[Data extracted from a collection]
"""

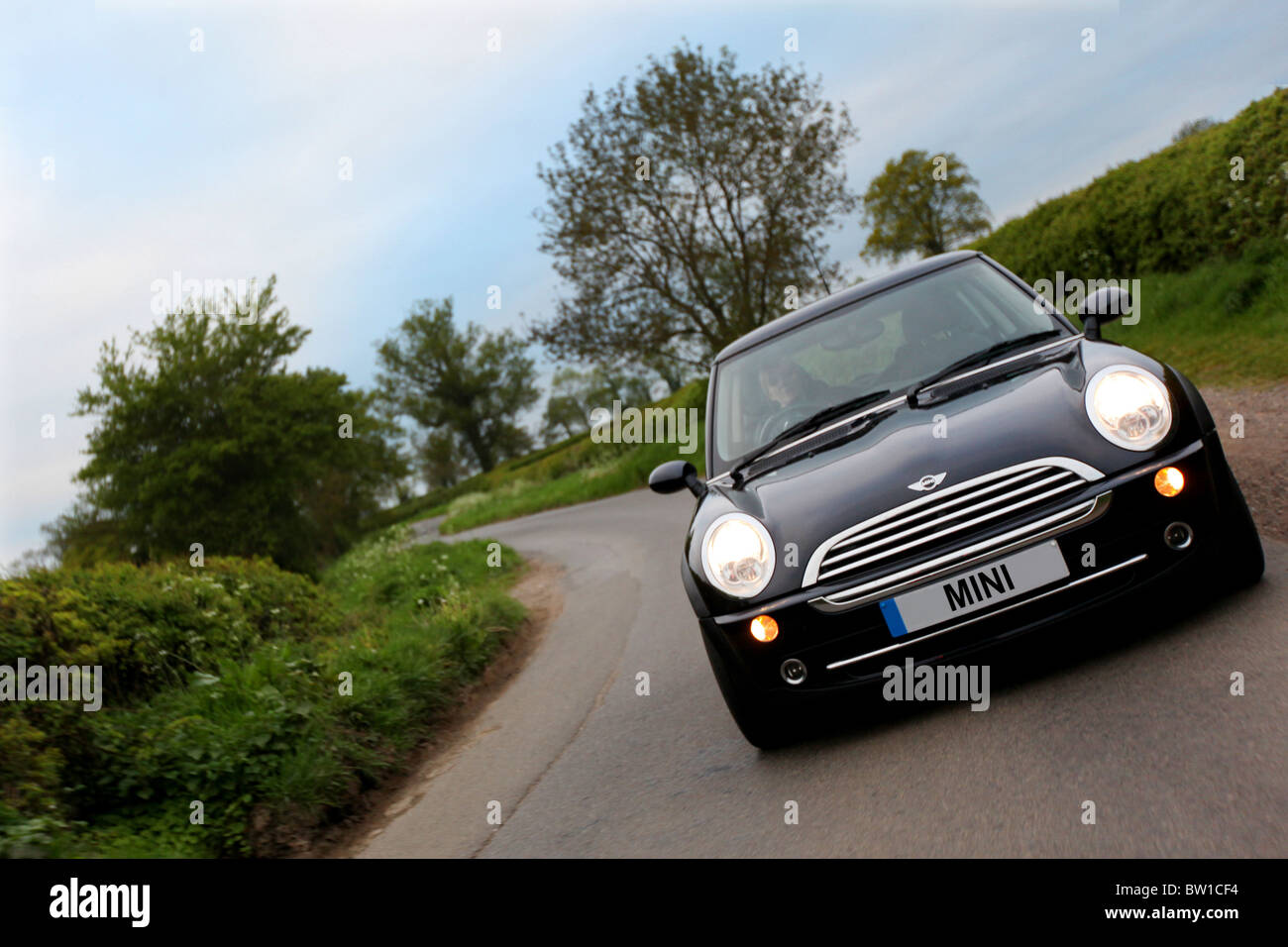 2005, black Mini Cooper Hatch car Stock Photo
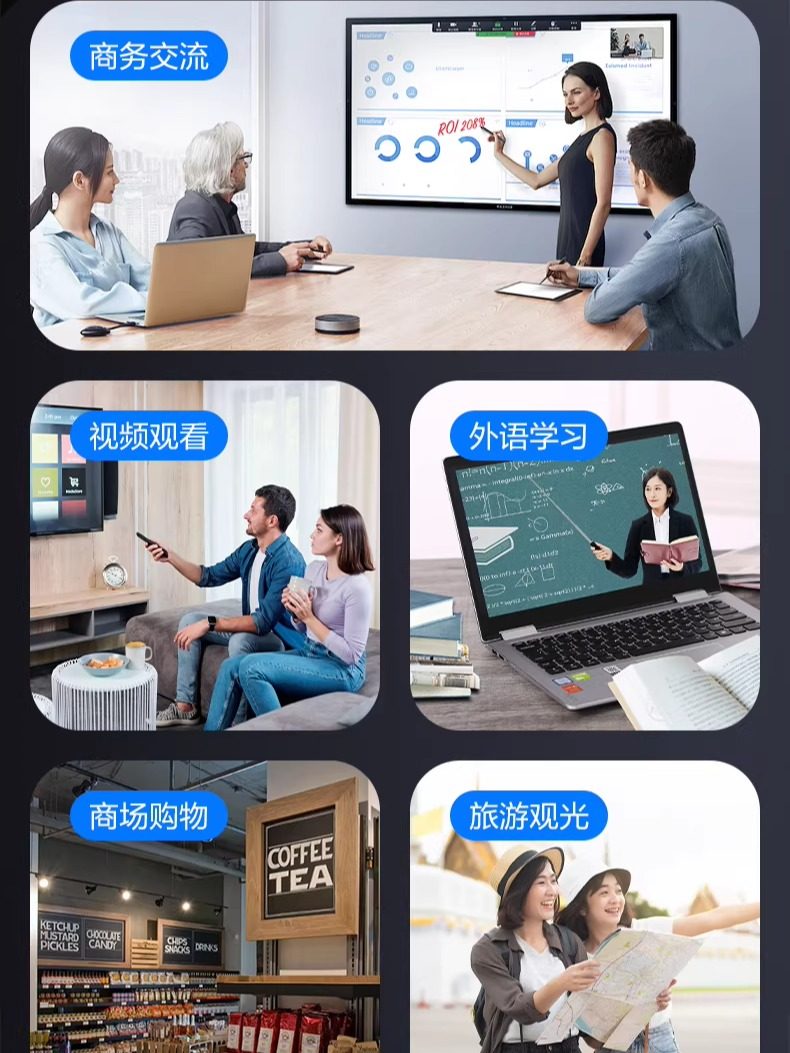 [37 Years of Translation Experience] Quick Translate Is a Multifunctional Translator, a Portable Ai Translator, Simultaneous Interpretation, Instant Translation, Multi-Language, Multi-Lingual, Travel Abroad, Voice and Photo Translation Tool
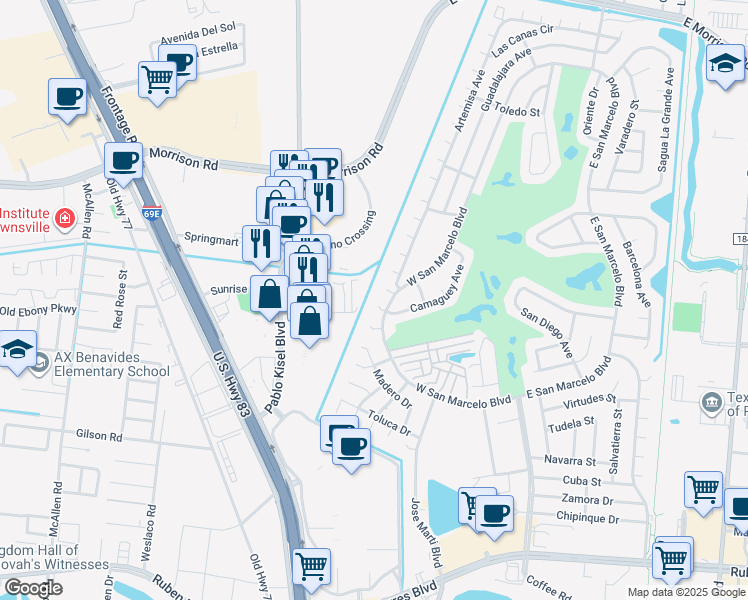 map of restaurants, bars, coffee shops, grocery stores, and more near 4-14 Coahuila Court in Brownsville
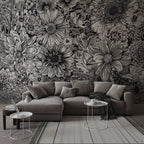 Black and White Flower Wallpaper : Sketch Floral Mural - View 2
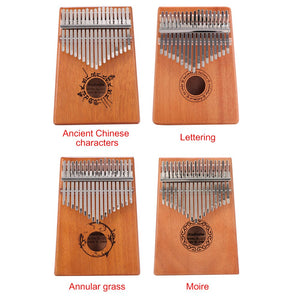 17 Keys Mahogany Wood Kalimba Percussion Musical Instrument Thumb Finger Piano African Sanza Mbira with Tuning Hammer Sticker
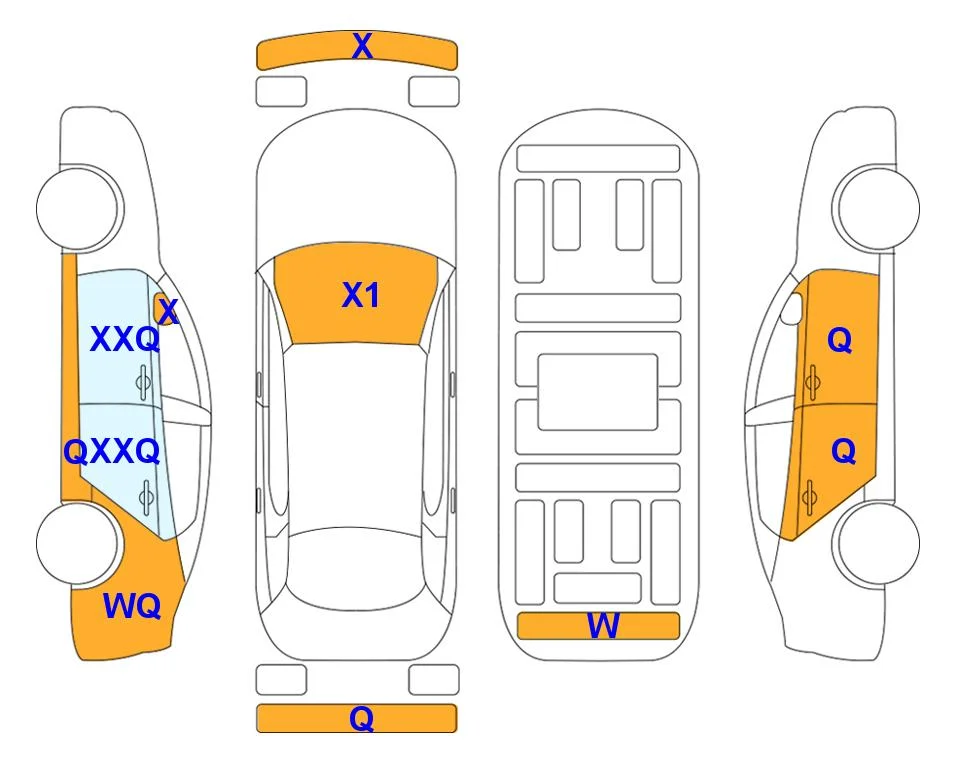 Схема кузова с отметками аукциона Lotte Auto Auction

"""

Pictures are to be left out; all other data must be returned exactly.

Exercise result:
 2005, black Mini Cooper Hatch car Stock Photo
 [37 Years of Translation Experience] Quick Translate Is a Multifunctional Translator, a Portable Ai Translator, Simultaneous Interpretation, Instant Translation, Multi-Language, Multi-Lingual, Travel Abroad, Voice and Photo Translation Tool
 map of restaurants, bars, coffee shops, grocery stores, and more near 4-14 Coahuila Court in Brownsville
 Black and White Flower Wallpaper : Sketch Floral Mural - View 2
 17 Keys Mahogany Wood Kalimba Percussion Musical Instrument Thumb Finger Piano African Sanza Mbira with Tuning Hammer Sticker
 Схема кузова с отметками аукциона Lotte Auto Auction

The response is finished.